BRIEF - Where the line with "May, Có Vắt Sổ" appears below, start writing out lines exactly, and finish with the line with "Varta Батарейка Varta", which is included; write out nothing else.
:: DATASET EXTRACT ::
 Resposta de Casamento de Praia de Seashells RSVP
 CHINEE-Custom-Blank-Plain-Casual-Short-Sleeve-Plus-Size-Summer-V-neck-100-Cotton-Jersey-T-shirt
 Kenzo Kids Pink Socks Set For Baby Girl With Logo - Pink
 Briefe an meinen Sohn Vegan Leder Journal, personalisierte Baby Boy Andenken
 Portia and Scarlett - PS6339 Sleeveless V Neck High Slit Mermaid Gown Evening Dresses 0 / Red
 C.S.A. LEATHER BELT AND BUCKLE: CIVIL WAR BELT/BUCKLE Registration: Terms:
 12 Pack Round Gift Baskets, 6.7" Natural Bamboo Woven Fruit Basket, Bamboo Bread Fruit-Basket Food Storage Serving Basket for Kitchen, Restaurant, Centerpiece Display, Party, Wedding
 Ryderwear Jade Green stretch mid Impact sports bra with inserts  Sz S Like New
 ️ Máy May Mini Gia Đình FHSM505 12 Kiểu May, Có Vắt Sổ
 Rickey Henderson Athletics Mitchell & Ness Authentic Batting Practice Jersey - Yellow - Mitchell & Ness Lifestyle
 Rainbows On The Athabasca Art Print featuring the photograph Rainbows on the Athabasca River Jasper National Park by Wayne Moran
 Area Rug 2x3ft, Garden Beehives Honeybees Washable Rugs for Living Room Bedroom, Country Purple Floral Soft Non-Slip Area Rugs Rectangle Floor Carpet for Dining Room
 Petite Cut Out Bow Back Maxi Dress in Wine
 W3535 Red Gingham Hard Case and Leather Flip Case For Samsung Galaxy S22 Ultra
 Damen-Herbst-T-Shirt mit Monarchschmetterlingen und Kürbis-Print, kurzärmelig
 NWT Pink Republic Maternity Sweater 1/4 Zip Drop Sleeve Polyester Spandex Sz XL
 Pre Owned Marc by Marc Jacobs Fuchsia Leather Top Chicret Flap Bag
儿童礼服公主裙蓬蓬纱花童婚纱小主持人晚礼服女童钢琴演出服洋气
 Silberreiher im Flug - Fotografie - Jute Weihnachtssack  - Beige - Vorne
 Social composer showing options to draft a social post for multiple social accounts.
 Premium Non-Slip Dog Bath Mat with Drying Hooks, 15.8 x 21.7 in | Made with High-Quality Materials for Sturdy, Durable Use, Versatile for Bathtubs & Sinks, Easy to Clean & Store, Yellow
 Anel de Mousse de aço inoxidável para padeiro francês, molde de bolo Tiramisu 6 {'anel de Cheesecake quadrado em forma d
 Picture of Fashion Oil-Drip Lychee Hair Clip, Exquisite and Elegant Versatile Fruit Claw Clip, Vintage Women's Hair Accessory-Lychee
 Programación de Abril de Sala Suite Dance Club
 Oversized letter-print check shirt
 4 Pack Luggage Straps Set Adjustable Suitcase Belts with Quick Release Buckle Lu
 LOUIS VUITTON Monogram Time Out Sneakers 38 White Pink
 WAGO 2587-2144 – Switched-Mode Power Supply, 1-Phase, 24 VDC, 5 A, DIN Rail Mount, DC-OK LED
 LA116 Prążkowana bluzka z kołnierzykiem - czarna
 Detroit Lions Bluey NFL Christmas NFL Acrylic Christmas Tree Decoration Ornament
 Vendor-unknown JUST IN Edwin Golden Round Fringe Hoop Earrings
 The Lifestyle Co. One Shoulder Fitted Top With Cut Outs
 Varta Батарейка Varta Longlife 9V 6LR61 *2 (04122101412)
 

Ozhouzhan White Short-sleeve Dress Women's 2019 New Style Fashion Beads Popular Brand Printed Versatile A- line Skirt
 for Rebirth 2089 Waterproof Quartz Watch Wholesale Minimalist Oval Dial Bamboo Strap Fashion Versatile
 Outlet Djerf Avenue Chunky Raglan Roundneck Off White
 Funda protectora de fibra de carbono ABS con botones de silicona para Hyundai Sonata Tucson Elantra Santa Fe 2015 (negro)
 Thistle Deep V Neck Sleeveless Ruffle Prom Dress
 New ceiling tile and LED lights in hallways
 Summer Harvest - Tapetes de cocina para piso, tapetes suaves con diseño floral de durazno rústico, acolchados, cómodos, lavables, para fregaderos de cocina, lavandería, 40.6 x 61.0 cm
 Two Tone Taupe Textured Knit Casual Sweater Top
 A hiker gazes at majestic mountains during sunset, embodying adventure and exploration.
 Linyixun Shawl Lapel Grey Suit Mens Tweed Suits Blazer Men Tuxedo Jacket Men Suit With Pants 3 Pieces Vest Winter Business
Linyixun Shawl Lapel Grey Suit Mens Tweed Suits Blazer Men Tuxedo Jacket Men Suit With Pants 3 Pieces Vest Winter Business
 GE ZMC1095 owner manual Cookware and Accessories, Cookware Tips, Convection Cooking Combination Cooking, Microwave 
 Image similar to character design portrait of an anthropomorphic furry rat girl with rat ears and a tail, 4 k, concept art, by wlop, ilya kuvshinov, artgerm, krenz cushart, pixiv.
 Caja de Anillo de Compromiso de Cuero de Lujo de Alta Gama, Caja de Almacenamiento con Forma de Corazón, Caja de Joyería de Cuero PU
:::
RESPONSE TO THIS TASK -
 ️ Máy May Mini Gia Đình FHSM505 12 Kiểu May, Có Vắt Sổ
 Rickey Henderson Athletics Mitchell & Ness Authentic Batting Practice Jersey - Yellow - Mitchell & Ness Lifestyle
 Rainbows On The Athabasca Art Print featuring the photograph Rainbows on the Athabasca River Jasper National Park by Wayne Moran
 Area Rug 2x3ft, Garden Beehives Honeybees Washable Rugs for Living Room Bedroom, Country Purple Floral Soft Non-Slip Area Rugs Rectangle Floor Carpet for Dining Room
 Petite Cut Out Bow Back Maxi Dress in Wine
 W3535 Red Gingham Hard Case and Leather Flip Case For Samsung Galaxy S22 Ultra
 Damen-Herbst-T-Shirt mit Monarchschmetterlingen und Kürbis-Print, kurzärmelig
 NWT Pink Republic Maternity Sweater 1/4 Zip Drop Sleeve Polyester Spandex Sz XL
 Pre Owned Marc by Marc Jacobs Fuchsia Leather Top Chicret Flap Bag
儿童礼服公主裙蓬蓬纱花童婚纱小主持人晚礼服女童钢琴演出服洋气
 Silberreiher im Flug - Fotografie - Jute Weihnachtssack  - Beige - Vorne
 Social composer showing options to draft a social post for multiple social accounts.
 Premium Non-Slip Dog Bath Mat with Drying Hooks, 15.8 x 21.7 in | Made with High-Quality Materials for Sturdy, Durable Use, Versatile for Bathtubs & Sinks, Easy to Clean & Store, Yellow
 Anel de Mousse de aço inoxidável para padeiro francês, molde de bolo Tiramisu 6 {'anel de Cheesecake quadrado em forma d
 Picture of Fashion Oil-Drip Lychee Hair Clip, Exquisite and Elegant Versatile Fruit Claw Clip, Vintage Women's Hair Accessory-Lychee
 Programación de Abril de Sala Suite Dance Club
 Oversized letter-print check shirt
 4 Pack Luggage Straps Set Adjustable Suitcase Belts with Quick Release Buckle Lu
 LOUIS VUITTON Monogram Time Out Sneakers 38 White Pink
 WAGO 2587-2144 – Switched-Mode Power Supply, 1-Phase, 24 VDC, 5 A, DIN Rail Mount, DC-OK LED
 LA116 Prążkowana bluzka z kołnierzykiem - czarna
 Detroit Lions Bluey NFL Christmas NFL Acrylic Christmas Tree Decoration Ornament
 Vendor-unknown JUST IN Edwin Golden Round Fringe Hoop Earrings
 The Lifestyle Co. One Shoulder Fitted Top With Cut Outs
 Varta Батарейка Varta Longlife 9V 6LR61 *2 (04122101412)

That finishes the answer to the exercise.